Transgender athletes in Mississippi’s public schools and colleges will no longer be allowed to compete in women’s sports after the state’s Republican governor on Thursday signed the first statewide anti-trans law of 2021.

SB 2536 is the first anti-trans legislation to be approved by a governor this year, with similar bills percolating in statehouses across the country and one such bill currently before South Dakota’s Republican governor. Advocates of the bills have argued that trans women have a physical advantage over cisgender women in sports, while critics contend that they’re discriminatory, including the Human Rights Campaign, the nation’s largest LGBTQ rights group.

“This important piece of legislation will ensure that young girls in Mississippi have a fair, level playing field in public schools,” Mississippi Gov. Tate Reeves said at a signing event on Thursday.

The law, which prohibits transgender athletes from competing on women’s sports teams in the state’s high schools and universities, passed the Mississippi House last week by a vote of 81-28. The state’s Senate approved the measure last month by a vote of 34-9.

The bill states that women’s and girls’ sports will not be “open to students of the male sex,” but the law does not explain how students’ sex will be determined for the purposes of the law, or how challenges to any individual’s participation will be resolved.

Reeves believes the act will send a positive message to cisgender women athletes in the state.

“It sends a clear message to my daughters, and all of Mississippi’s daughters, that their rights are worth fighting for,” he said, in spite of the fact that trans women athletes in the state are also daughters and are precisely the ones whose rights are being targeted by the new law.

Alphonso David, Human Rights Campaign’s president, said in a statement that “Reeves’ eagerness to become the face of the latest anti-transgender push is appalling.”

David called the law “a solution in search of a problem,” saying lawmakers in Mississippi have not “provided any examples of Missisippi transgender athletes gaming the system for a competitive advantage because none exist.”

Chase Strangio, the American Civil Liberties Union deputy director for trans justice with the group’s LGBTQ and HIV Project, likened the issue to the debate about so-called bathroom bills a few years back, when Republican lawmakers around the country pushed to restrict trans students from using the bathrooms that correspond to their gender identities.

“Just like it was never about restrooms, this bill is not about sports.
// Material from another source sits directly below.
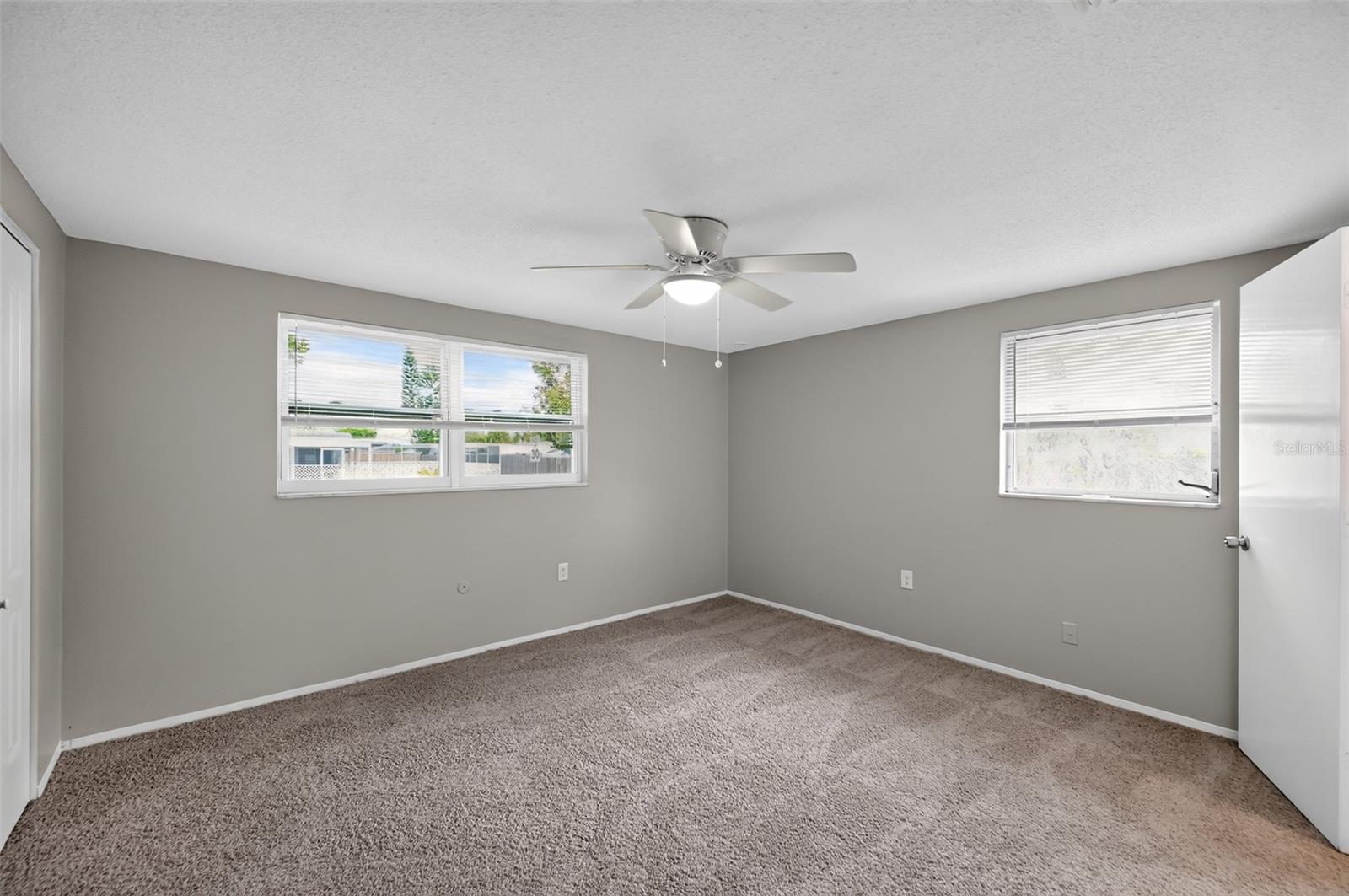 JASMINE LAKES - Residential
It’s about pushing trans people out of public life,” he said in a statement.

South Dakota close to enacting similar law

A bill that would similarly ban transgender athletes from participating in women’s sports in South Dakota has made its way to the desk of Republican Gov. Kristi Noem, who said earlier this week that she’s “excited to sign” the legislation.
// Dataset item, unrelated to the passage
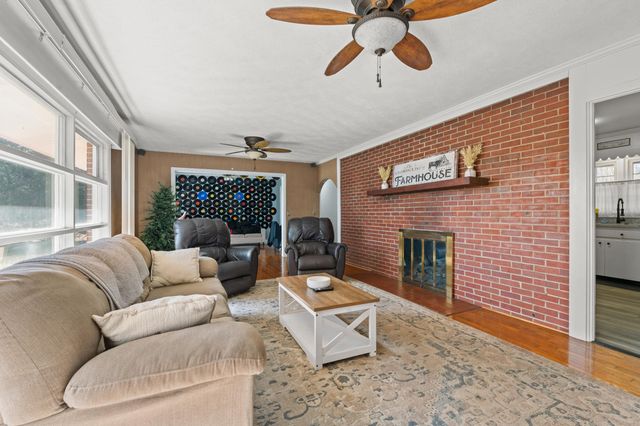 3813 W Marion St., Mullins, SC 29574
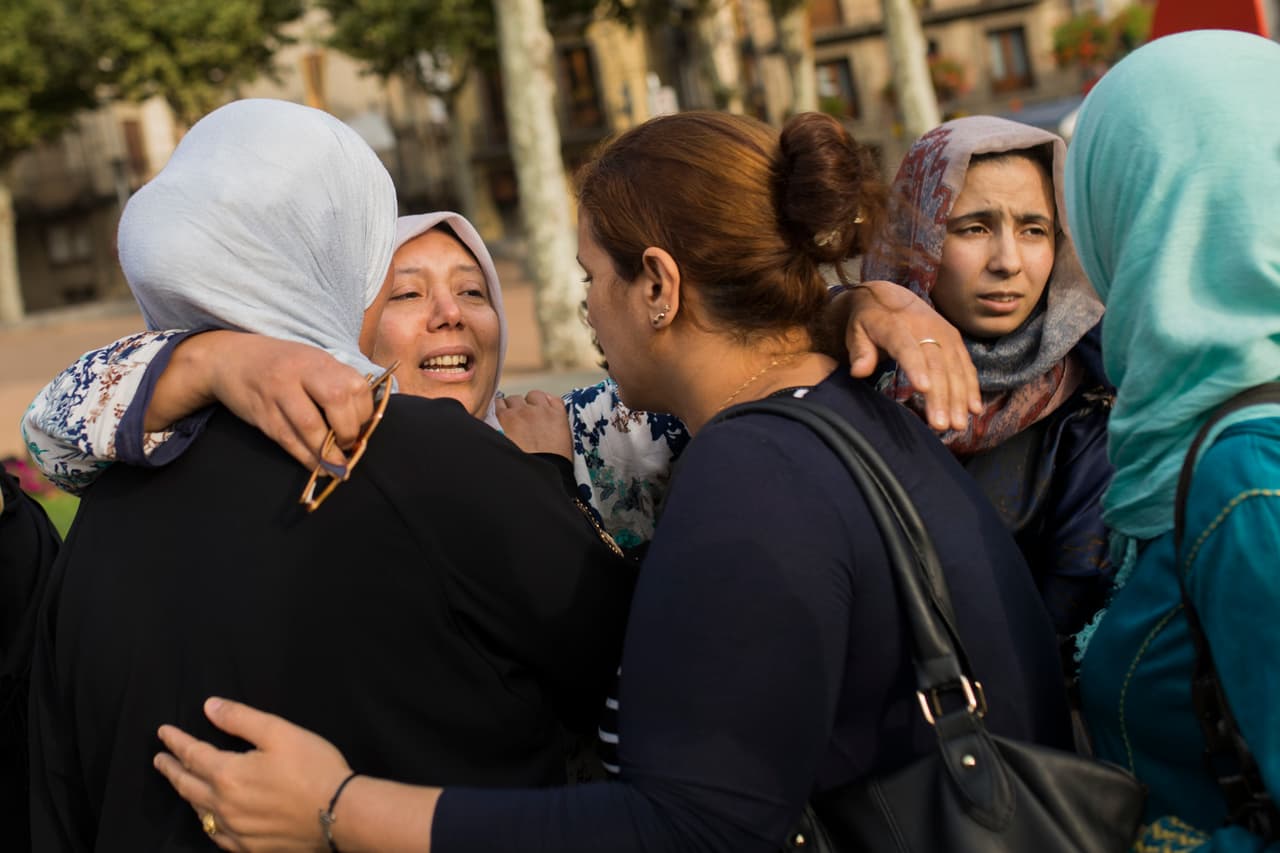 La madre de uno de los sospechosos, Younes Abouyaaqoub, quien se encuentra en fuga, pidió a su hijo que se entrege porque es mejor que esté preso a que muera, según reportó la agencia de noticias EFE.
Noem said during a news conference on Thursday that South Dakota’s bill “isn’t about transgender — it’s about girls’ fairness in girls’ sports.”

Noem said the legislation would be based on a person’s birth certificate and that she didn’t want to “weigh in on what each individual school district may decide and what the court system process would be.”

Despite her comments earlier this week, Noem said on Thursday that she is still evaluating whether the proposed law would be an appropriate role of government.

“We are still examining the bill — getting ready to make decisions on it,” she said.

The Human Rights Campaign has also taken aim at Noem for her support of that state’s bill, saying on Twitter earlier this week that “trans girls and their families are your constituents.”

“You are using your power to exclude kids and make them feel less than, and that is nothing to be proud of,” the group said in a tweet.